**DATA SHOWN**
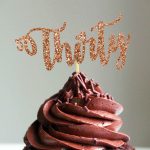 thirty cupcake topper mini 30th birthday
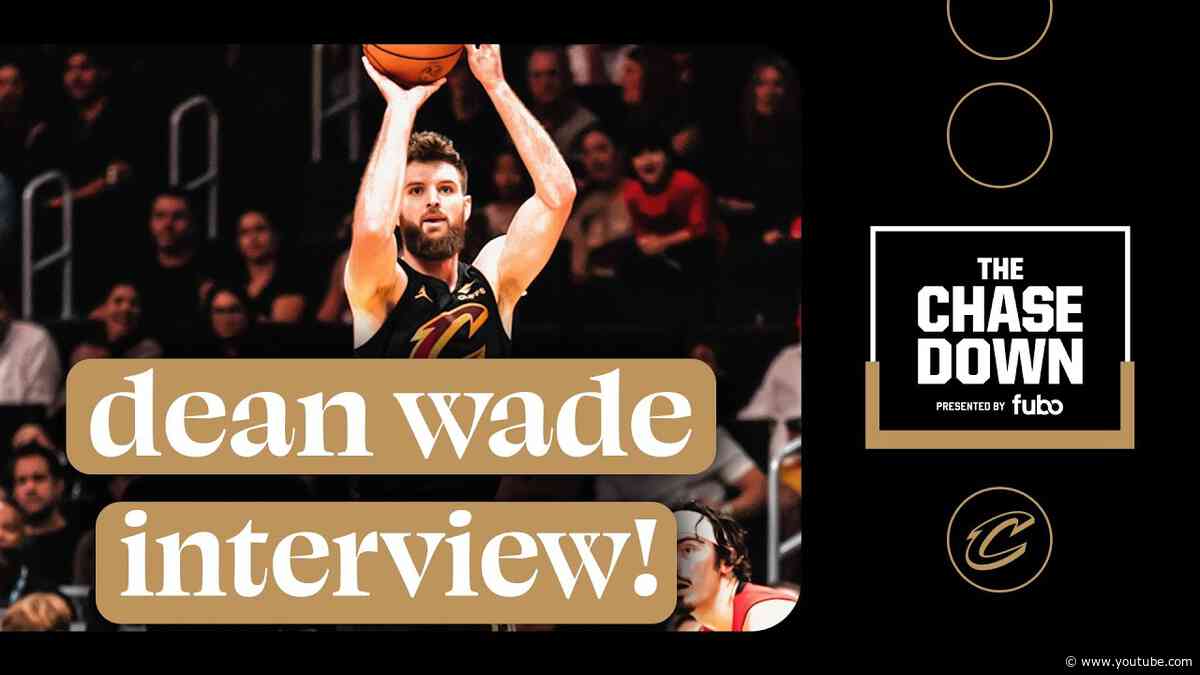 Chase Down Podcast, presented by fubo: 1-on-1 Interview with Dean Wade and Bucks Preview!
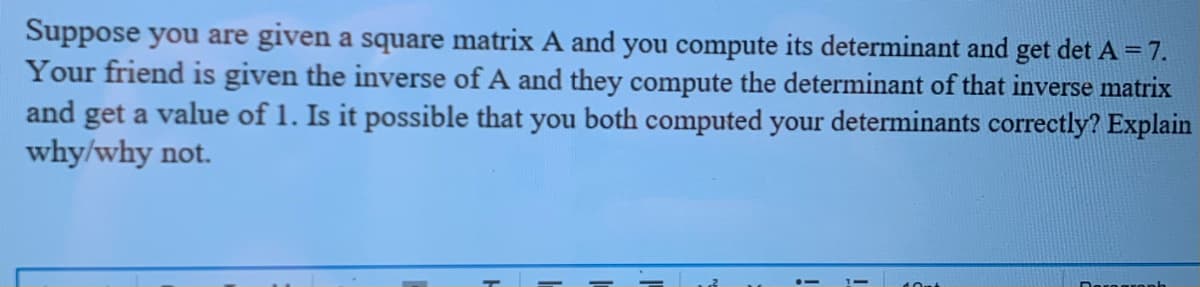 Suppose you are given a square matrix A and you compute its determinant and get det A = 7.
Your friend is given the inverse of A and they compute the determinant of that inverse matrix
and get a value of 1. Is it possible that you both computed your determinants correctly? Explain
why/why not.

**WORK TASK**
The line containing "and get a value" and every line after it, through the end of the records, should be repeated exactly and alone.

**RESPONSE TO THIS TASK**
and get a value of 1. Is it possible that you both computed your determinants correctly? Explain
why/why not.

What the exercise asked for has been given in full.